Every line of the records that holds the word "include" should be copied.

- _EXTRACTED INFORMATION_:
BEGIN

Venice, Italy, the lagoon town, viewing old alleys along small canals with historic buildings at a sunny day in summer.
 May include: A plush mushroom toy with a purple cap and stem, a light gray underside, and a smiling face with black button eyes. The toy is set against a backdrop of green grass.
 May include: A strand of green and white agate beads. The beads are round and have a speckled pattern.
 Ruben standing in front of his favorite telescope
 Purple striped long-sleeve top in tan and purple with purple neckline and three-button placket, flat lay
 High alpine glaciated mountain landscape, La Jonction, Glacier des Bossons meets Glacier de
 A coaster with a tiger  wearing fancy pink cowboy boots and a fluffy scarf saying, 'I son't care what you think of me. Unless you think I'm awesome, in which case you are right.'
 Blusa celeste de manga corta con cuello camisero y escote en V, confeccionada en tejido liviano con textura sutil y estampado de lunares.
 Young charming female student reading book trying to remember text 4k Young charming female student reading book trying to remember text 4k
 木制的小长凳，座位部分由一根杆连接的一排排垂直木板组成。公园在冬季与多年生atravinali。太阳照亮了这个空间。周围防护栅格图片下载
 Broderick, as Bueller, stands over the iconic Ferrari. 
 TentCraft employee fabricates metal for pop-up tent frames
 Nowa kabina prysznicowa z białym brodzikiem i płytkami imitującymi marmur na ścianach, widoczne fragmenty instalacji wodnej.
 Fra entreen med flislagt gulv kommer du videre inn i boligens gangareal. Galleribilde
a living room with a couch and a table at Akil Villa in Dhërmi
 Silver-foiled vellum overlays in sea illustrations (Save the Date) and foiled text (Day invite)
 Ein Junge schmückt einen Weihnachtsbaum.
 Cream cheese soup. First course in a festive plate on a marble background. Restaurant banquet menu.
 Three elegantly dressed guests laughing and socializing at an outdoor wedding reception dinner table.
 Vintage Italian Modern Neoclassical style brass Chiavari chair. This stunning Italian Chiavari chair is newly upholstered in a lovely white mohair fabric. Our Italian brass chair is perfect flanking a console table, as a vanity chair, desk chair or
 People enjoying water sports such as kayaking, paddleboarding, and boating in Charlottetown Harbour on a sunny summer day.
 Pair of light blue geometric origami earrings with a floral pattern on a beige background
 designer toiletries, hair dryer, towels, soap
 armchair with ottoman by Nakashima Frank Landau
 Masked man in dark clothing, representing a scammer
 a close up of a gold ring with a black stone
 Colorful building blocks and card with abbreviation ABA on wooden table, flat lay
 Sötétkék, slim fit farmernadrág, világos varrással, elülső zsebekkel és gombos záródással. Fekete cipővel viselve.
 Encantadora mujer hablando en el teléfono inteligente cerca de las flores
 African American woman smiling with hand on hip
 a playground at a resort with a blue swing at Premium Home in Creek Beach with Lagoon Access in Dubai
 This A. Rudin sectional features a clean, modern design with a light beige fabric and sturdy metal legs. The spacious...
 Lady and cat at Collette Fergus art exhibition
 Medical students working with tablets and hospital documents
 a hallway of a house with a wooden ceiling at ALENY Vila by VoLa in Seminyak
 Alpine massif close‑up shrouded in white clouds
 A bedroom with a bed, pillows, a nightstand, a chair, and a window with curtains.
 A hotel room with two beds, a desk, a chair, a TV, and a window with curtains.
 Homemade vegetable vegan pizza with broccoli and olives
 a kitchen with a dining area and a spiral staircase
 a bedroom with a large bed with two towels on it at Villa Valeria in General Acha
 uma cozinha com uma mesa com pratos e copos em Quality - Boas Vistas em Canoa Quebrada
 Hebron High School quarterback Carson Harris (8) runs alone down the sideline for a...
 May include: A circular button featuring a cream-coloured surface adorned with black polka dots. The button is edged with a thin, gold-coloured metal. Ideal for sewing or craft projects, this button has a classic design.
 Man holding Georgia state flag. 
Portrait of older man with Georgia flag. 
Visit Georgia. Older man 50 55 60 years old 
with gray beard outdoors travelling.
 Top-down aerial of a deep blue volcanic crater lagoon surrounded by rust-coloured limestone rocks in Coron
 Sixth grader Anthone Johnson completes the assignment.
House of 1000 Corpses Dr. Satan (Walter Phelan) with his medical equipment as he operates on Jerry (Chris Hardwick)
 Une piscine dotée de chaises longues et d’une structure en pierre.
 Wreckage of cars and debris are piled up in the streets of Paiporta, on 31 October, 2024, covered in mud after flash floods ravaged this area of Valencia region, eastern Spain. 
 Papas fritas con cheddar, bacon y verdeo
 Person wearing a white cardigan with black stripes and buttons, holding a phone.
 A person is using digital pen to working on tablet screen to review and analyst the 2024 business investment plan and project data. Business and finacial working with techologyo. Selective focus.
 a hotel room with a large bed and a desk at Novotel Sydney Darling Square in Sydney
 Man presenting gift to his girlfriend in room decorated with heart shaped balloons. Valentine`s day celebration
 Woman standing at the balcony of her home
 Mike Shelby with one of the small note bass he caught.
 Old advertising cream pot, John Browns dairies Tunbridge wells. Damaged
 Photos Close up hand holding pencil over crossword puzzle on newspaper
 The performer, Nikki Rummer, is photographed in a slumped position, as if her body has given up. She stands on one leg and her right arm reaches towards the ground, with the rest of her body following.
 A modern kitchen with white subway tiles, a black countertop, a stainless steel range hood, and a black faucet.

END

- _COMPLETED EXERCISE_:
 May include: A plush mushroom toy with a purple cap and stem, a light gray underside, and a smiling face with black button eyes. The toy is set against a backdrop of green grass.
 May include: A strand of green and white agate beads. The beads are round and have a speckled pattern.
 May include: A circular button featuring a cream-coloured surface adorned with black polka dots. The button is edged with a thin, gold-coloured metal. Ideal for sewing or craft projects, this button has a classic design.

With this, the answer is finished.